- _Data for this task_:
┌────────
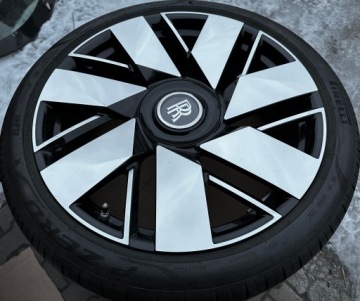 ROLLS ROYCE CULLINAN 2025 komplet der Räder Reifen Räder wheels 23
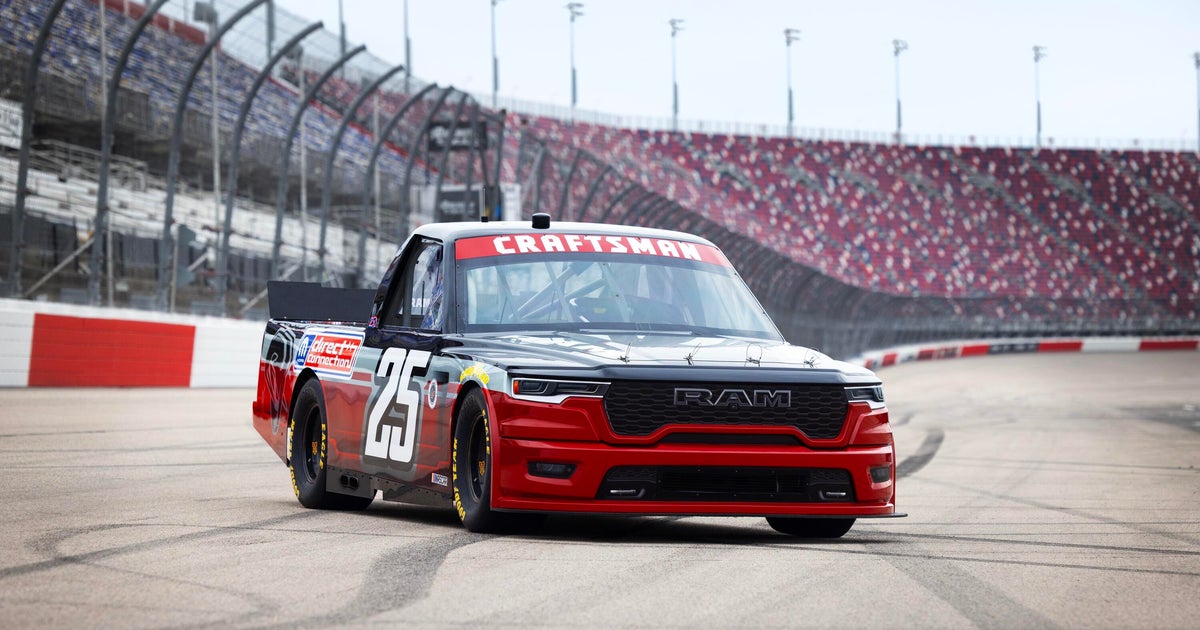 Ram Announces Return to NASCAR Truck Series in 2026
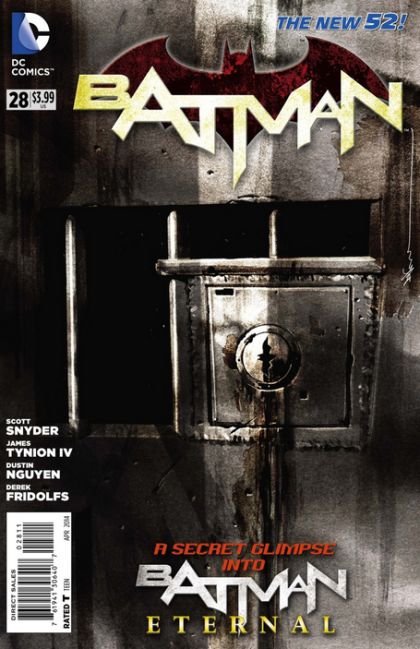 Batman, Vol. 2 #28A Dustin Nguyen Regular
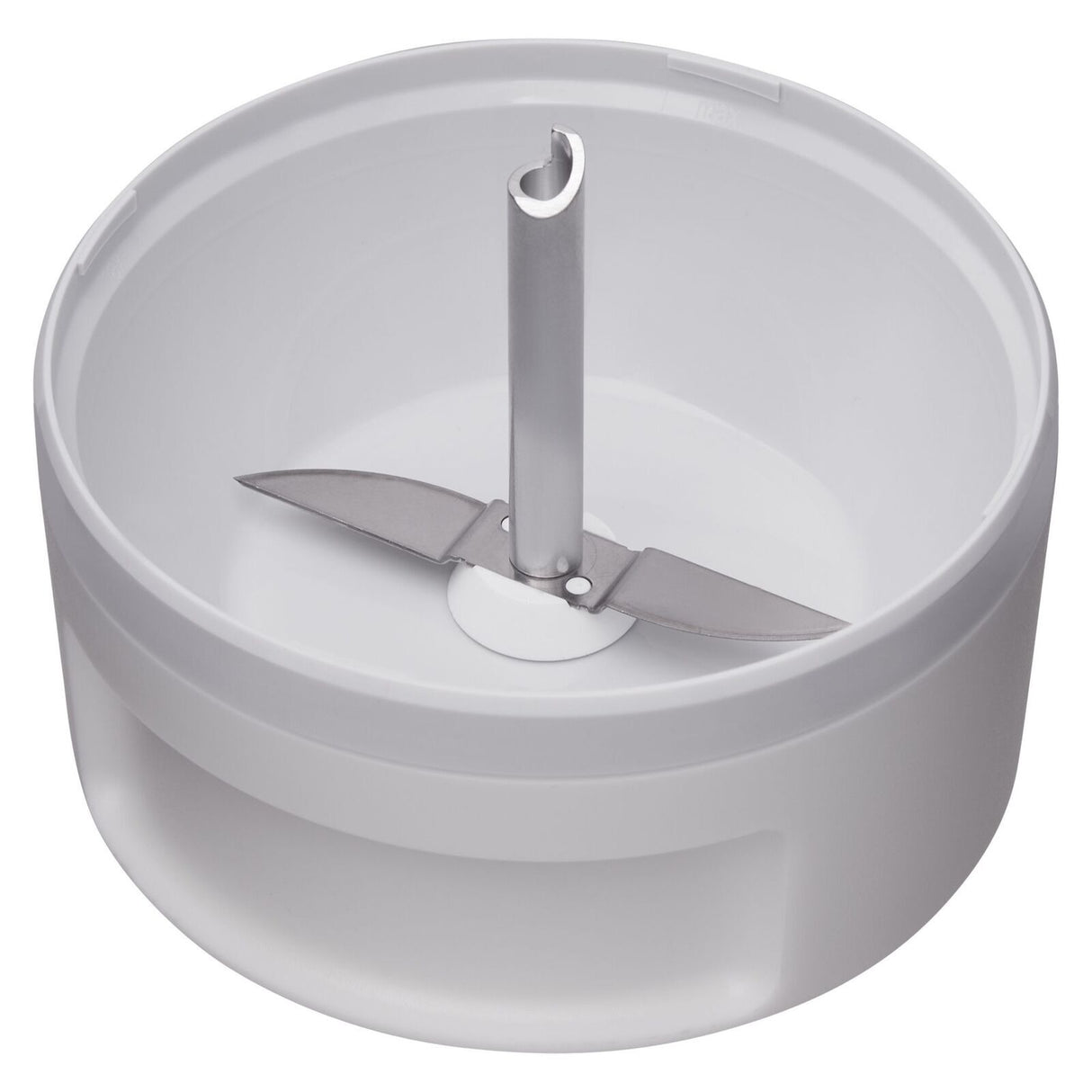 Bamix Maxx 350W Immersion Stick Mixer Blender White + FREE Wet/Dry Attachment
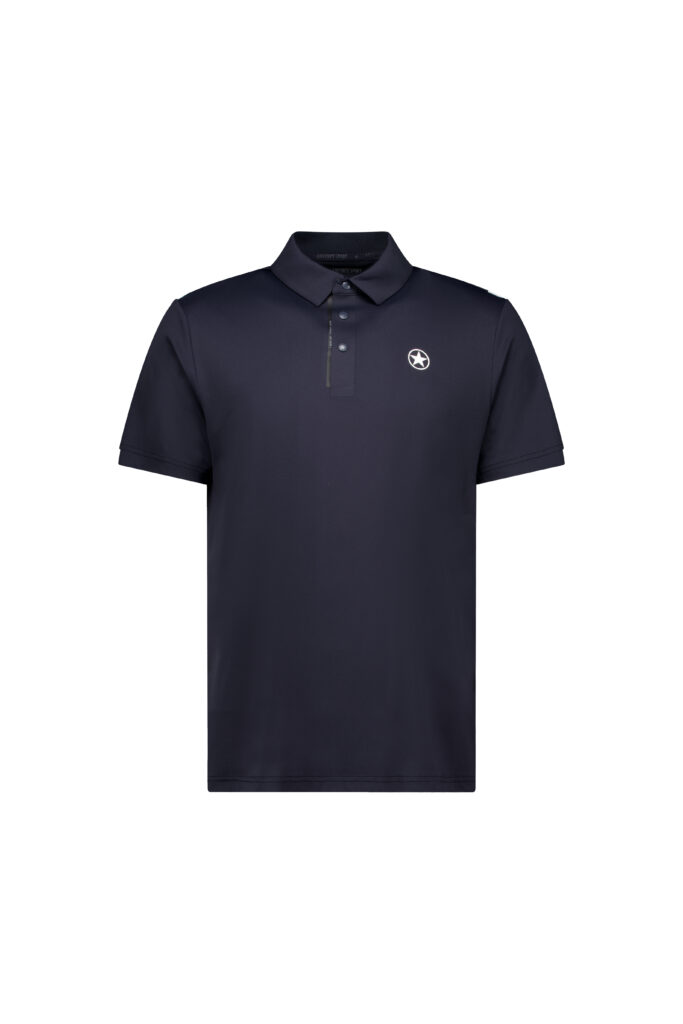 Airforce Sport Performance Polo Heren SPHRM0265 luxe sportpolo met korte mouwen en ademende stof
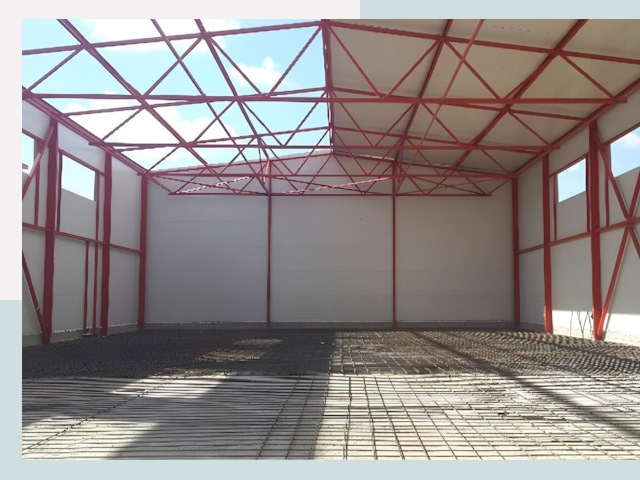 Ангары для шиномонтажа в Домодедово от 632 руб.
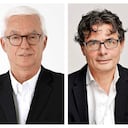 Íngrid Betancourt, Jorge Robledo y Alejandro Gaviria.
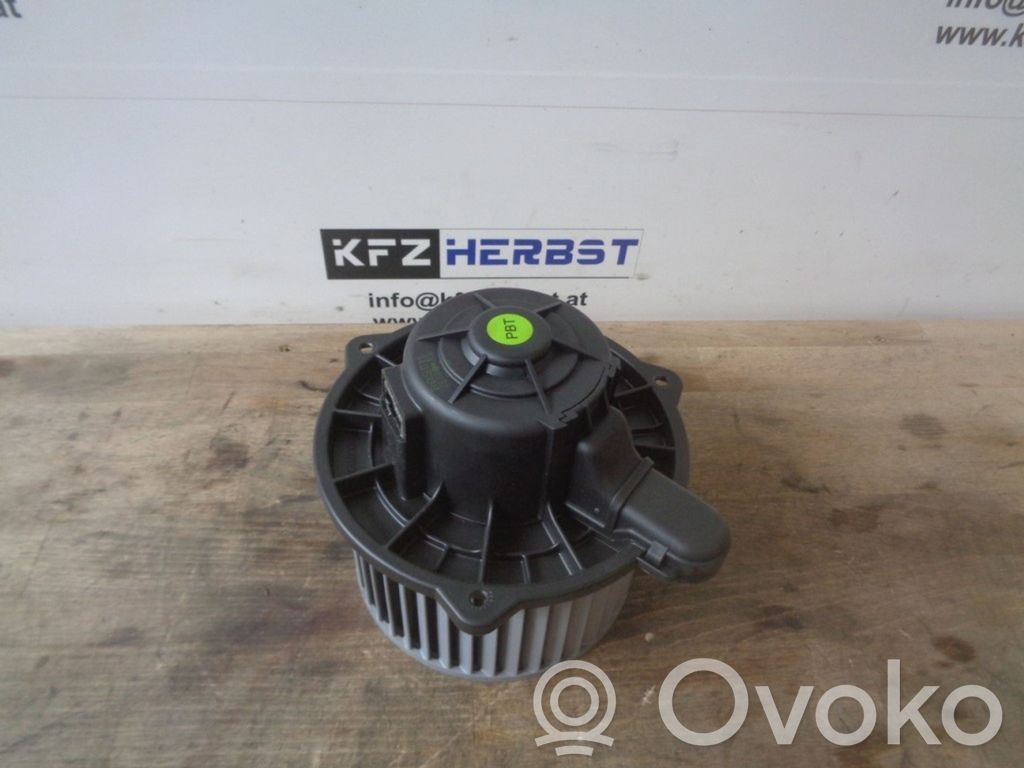 Hyundai i20 (PB PBT) Ventilator aerotermă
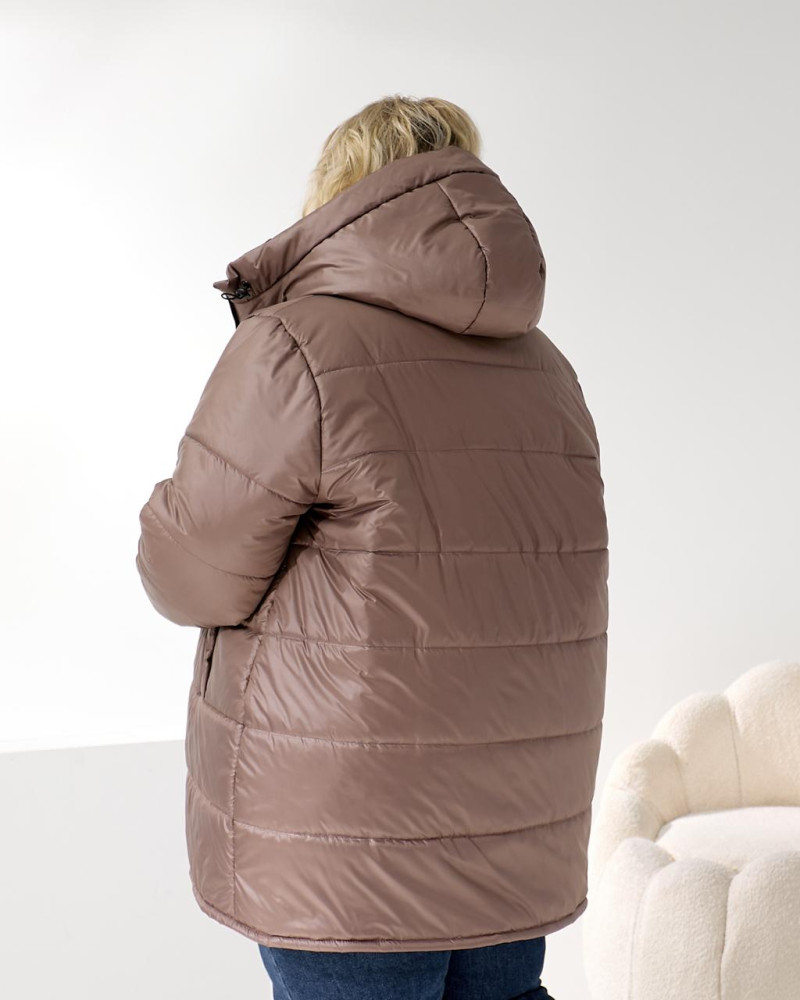 Удлиненная теплая куртка DV-R4428T1200 Удлиненная теплая куртка DV-R4428T1200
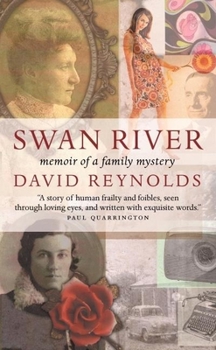 Paperback Swan River: Memoir of a Family Mystery Book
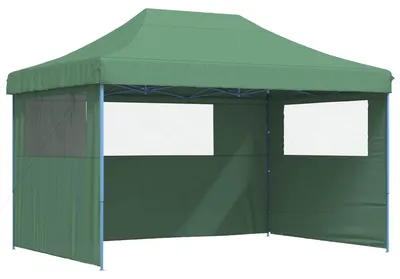 Immagine prodotto di vidaXL Tenda da festa verde 279 x 410 x 315 cm Tessuto Oxford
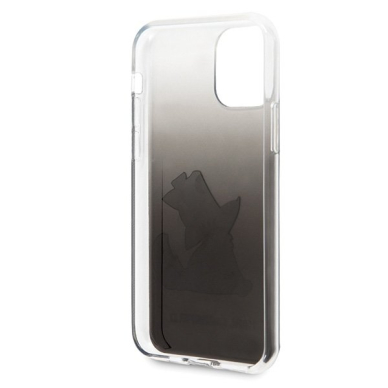 Karl Lagerfeld KLHCN58CFNRCBK iPhone 11 Pro hardcase czarny/black Choupette Fun 3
└────────
- _What to do_:
Omit the pictures and print again exactly the lines from the one with "Íngrid Betancourt, Jorge" through the final line of the entries, both ends included.

- _Answer_:
 Íngrid Betancourt, Jorge Robledo y Alejandro Gaviria.
 Hyundai i20 (PB PBT) Ventilator aerotermă
 Удлиненная теплая куртка DV-R4428T1200 Удлиненная теплая куртка DV-R4428T1200
 Paperback Swan River: Memoir of a Family Mystery Book
 Immagine prodotto di vidaXL Tenda da festa verde 279 x 410 x 315 cm Tessuto Oxford
 Karl Lagerfeld KLHCN58CFNRCBK iPhone 11 Pro hardcase czarny/black Choupette Fun 3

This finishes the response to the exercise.